The stutter_wait() uses adaptive waiting, so that schedule_timeout_interruptible() is used early in each no-load interval, but a tight loop containing cond_resched() is used near the end of the interval. The point of this is to more tightly synchronize the transition from no-load to full load. But the LOCK05 scenario's kernel is built with CONFIG_PREEMPT=y, which causes cond_resched() to be a no-op. In addition, the kthreads doing the write locking lower their priority using set_user_nice(current, MAX_NICE), which appears to be preventing preemption. (We can argue that even MAX_NICE should not indefinitely prevent preemption, but the multi-minute waits that have been observed are for all intents and purposes indefinite.)

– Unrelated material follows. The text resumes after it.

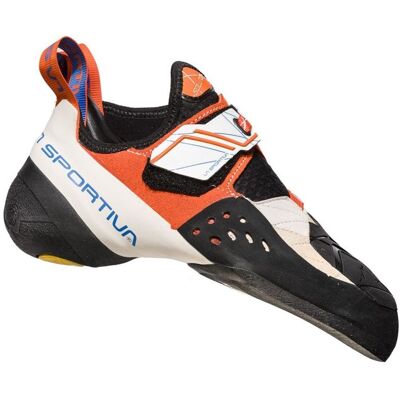 Calzino da arrampicata da donna La Sportiva Solution Woman (Bianco/Arancione) 41.5 (7 2/3 UK) Calzino da arrampicata da donna La Sportiva Solution Woman (Bianco/Arancione) 41.5 (7 2/3 UK)
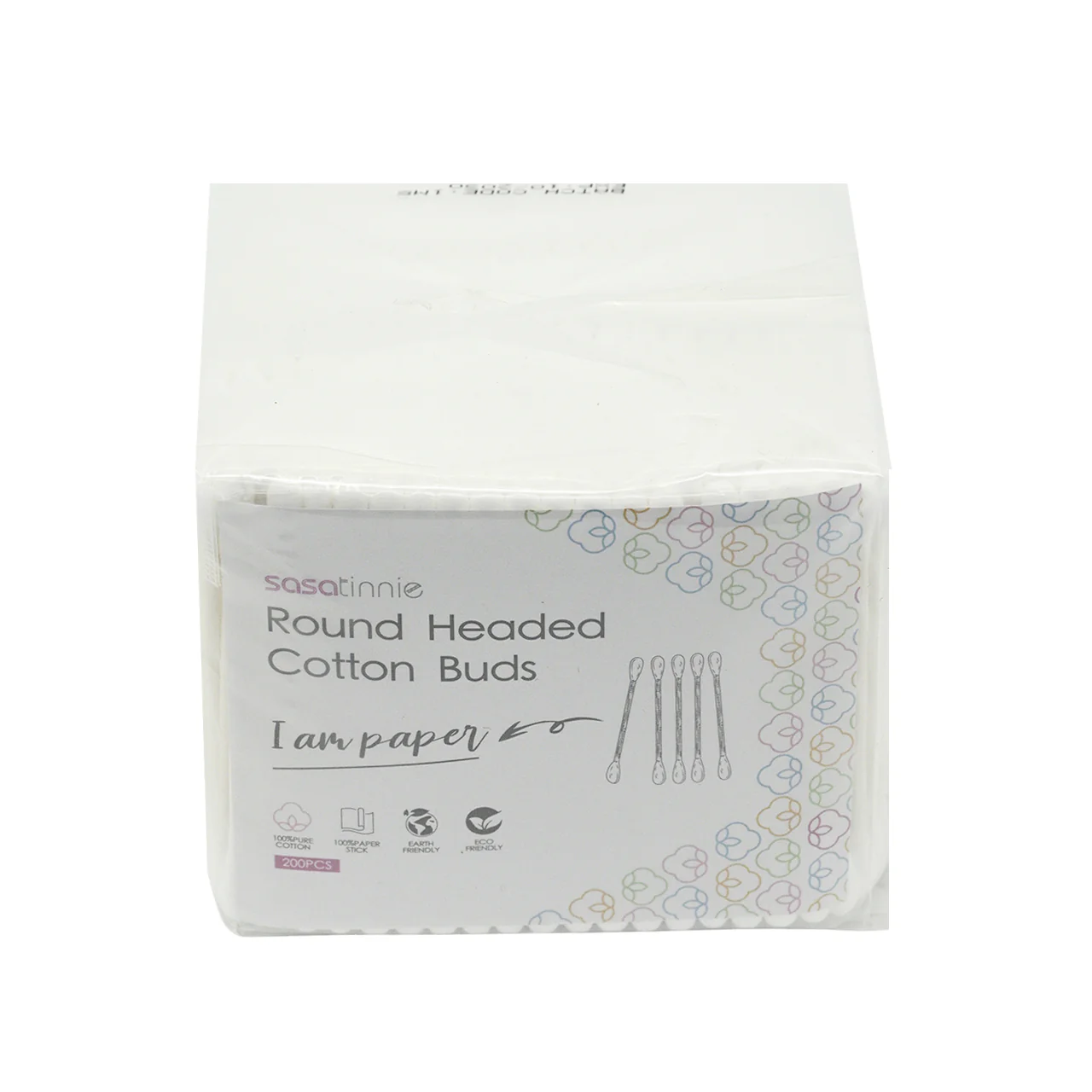 Sasatinnie Round Headed Cotton Buds Refill 200pc x 2 - Image 3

The fix (or workaround, as the case might be) is for stutter_wait() to block periodically, thus allowing other tasks to run.

Case study 2: RCU Tasks Trace

I designed RCU Tasks Trace for the same grace-period latency that I had designed RCU Tasks for, namely roughly one second. Unfortunately, this proved to be about 40x too slow, so adjustments were called for.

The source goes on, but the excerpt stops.